[GSoC 2023 Project Idea] exponential backoff and jitter for agent reconnections

(Copied from a private channel conversation with @basil )

Wanted to get people’s feedback on a potential GSoC project idea: exponential backoff and jitter for agent reconnections.

When I was a Jenkins administrator for a medium-sized company, I faced a problem that many others seem to face: when restarting a large controller there was a thundering herd of agent reconnections. Remoting and Swarm (a Remoting wrapper) have (separate) retry implementations. Swarm’s supports exponential backoff but not jitter. Remoting’s supports neither. Users have requested both in the form of bug reports and pull requests, but initial pull requests need a lot of improvement before they can be merged. Additionally, it would be desirable to unify the two implementations rather than to continue to maintain separate logic.
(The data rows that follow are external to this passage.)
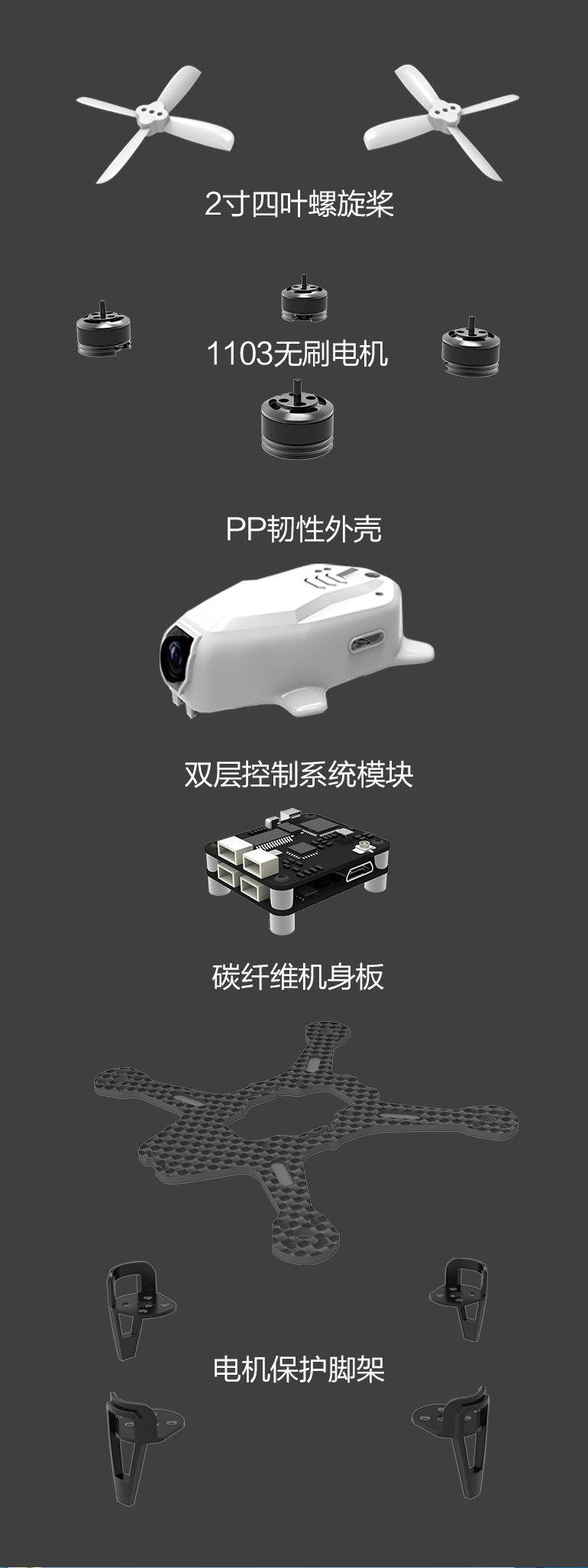 VR第一视角穿越无人机
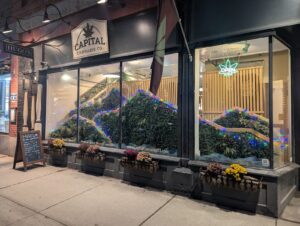Capital Cannabis Company — Montpelier, VT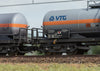 Marklin 46465 HO VTG Chlorine Gas Tank Car Set (MHI Exclusive Item)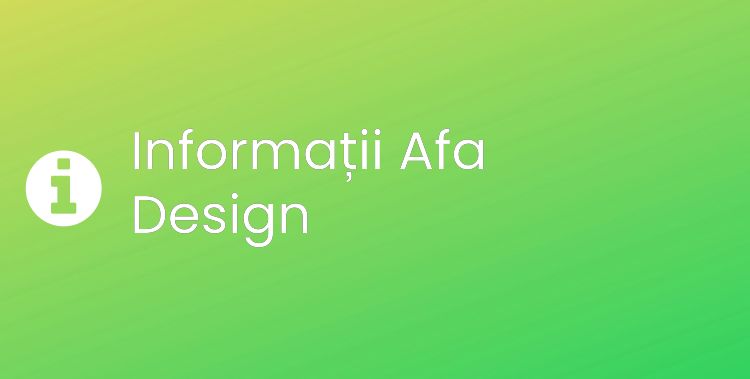Afa Design Section Header Image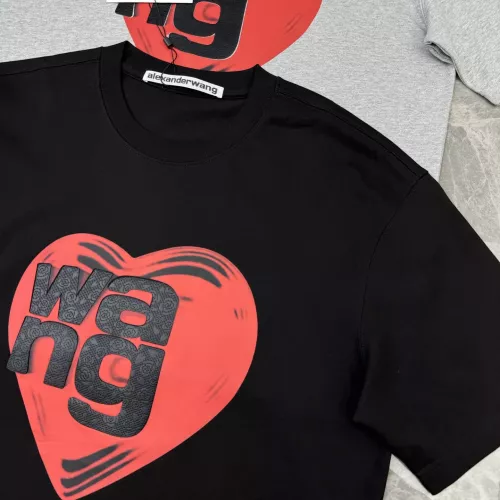 Replica Alexander Wang T-Shirts Short Sleeved For Unisex #1349131 $88.00 USD for Wholesale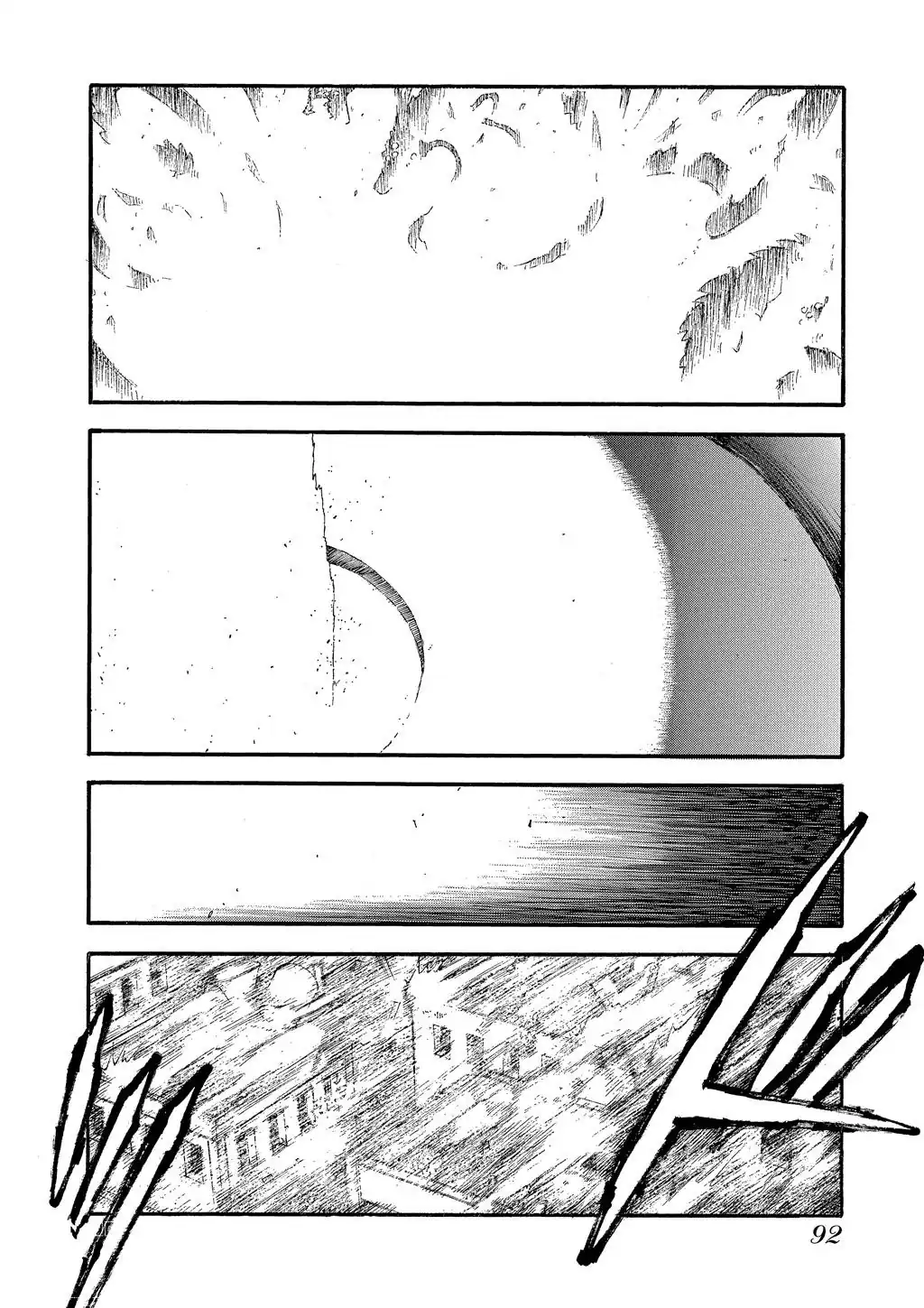 Trigun Máximo Capítulo 68 Página 28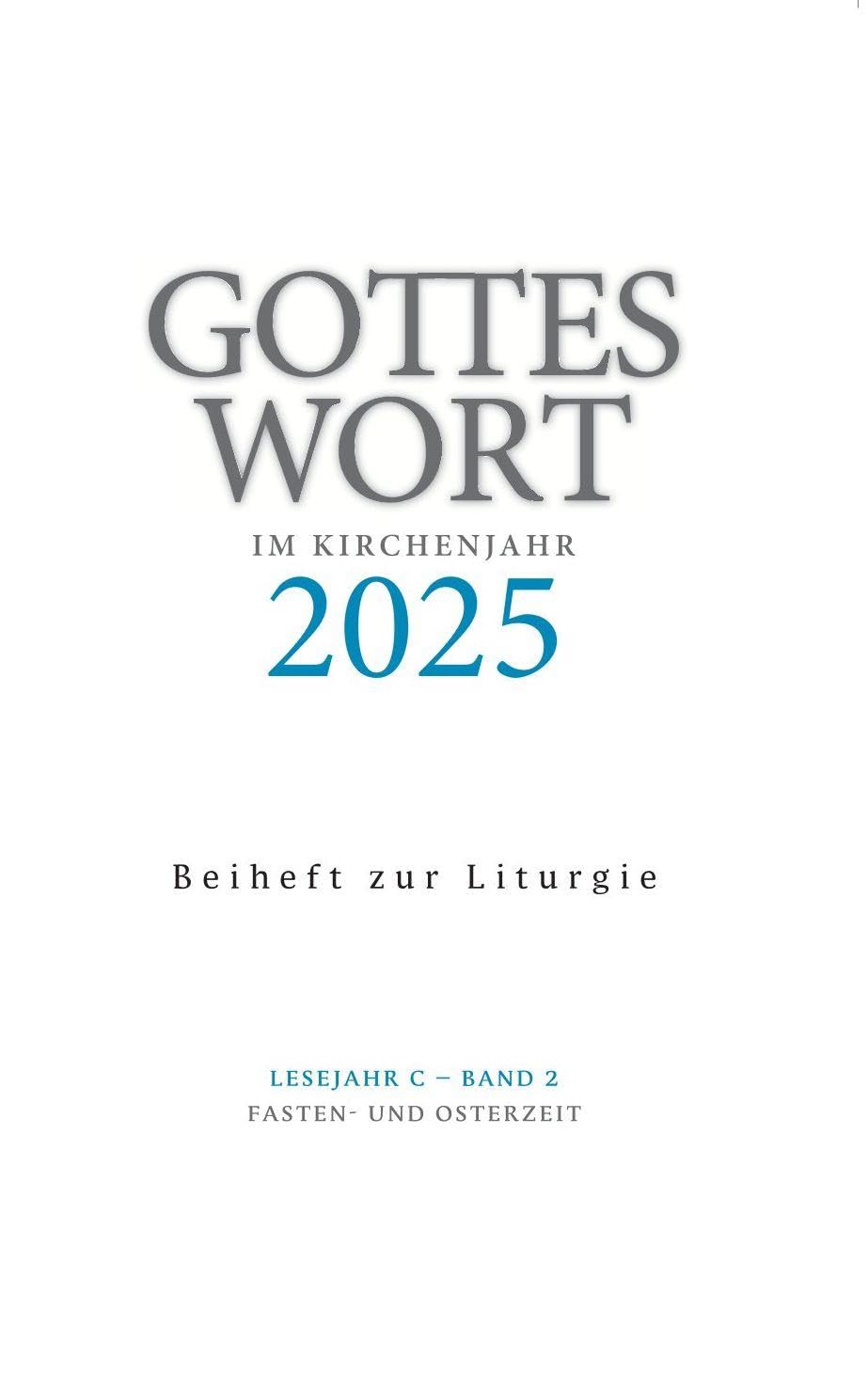Gottes Wort im Kirchenjahr Religion & Esotericism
I feel this would be a good intern project for the following reasons:

  • Intellectually stimulating and therefore a high “brag factor”: who couldn’t resist spending a summer working on a topic that the AWS Architecture Blog discusses?
  • High demand: Companies like Netflix needs this feature and would likely be willing to test it
  • Feasible within three months: while Remoting is a complex subsystem, retrying logic is at the outer edges of the subsystem. One does not need to concern oneself with what happens inside of the guts of Remoting, just how to restart the connection process at a high level.
  • Stretchable and shrinkable scope: If the intern is struggling, scope can be reduced to unification of the existing implementations, or merely implementing exponential backoff rather than exponential backoff and jitter. If the intern is doing better than expected, the scope can be expanded to writing a stress testing framework for the end result.
  • Not fatal if the project fails: Even if all the intern manages to complete is a unification of the existing two implementations, that would be a net benefit. If the project fails, no harm: the status quo would simply remain.

How do people feel about this project idea? Is it desirable in general? What about as an intern project specifically? If the answer to both of these questions is “yes” I would be happy to mentor it.

2 Likes

Sounds great in any case, be it for an intern or not.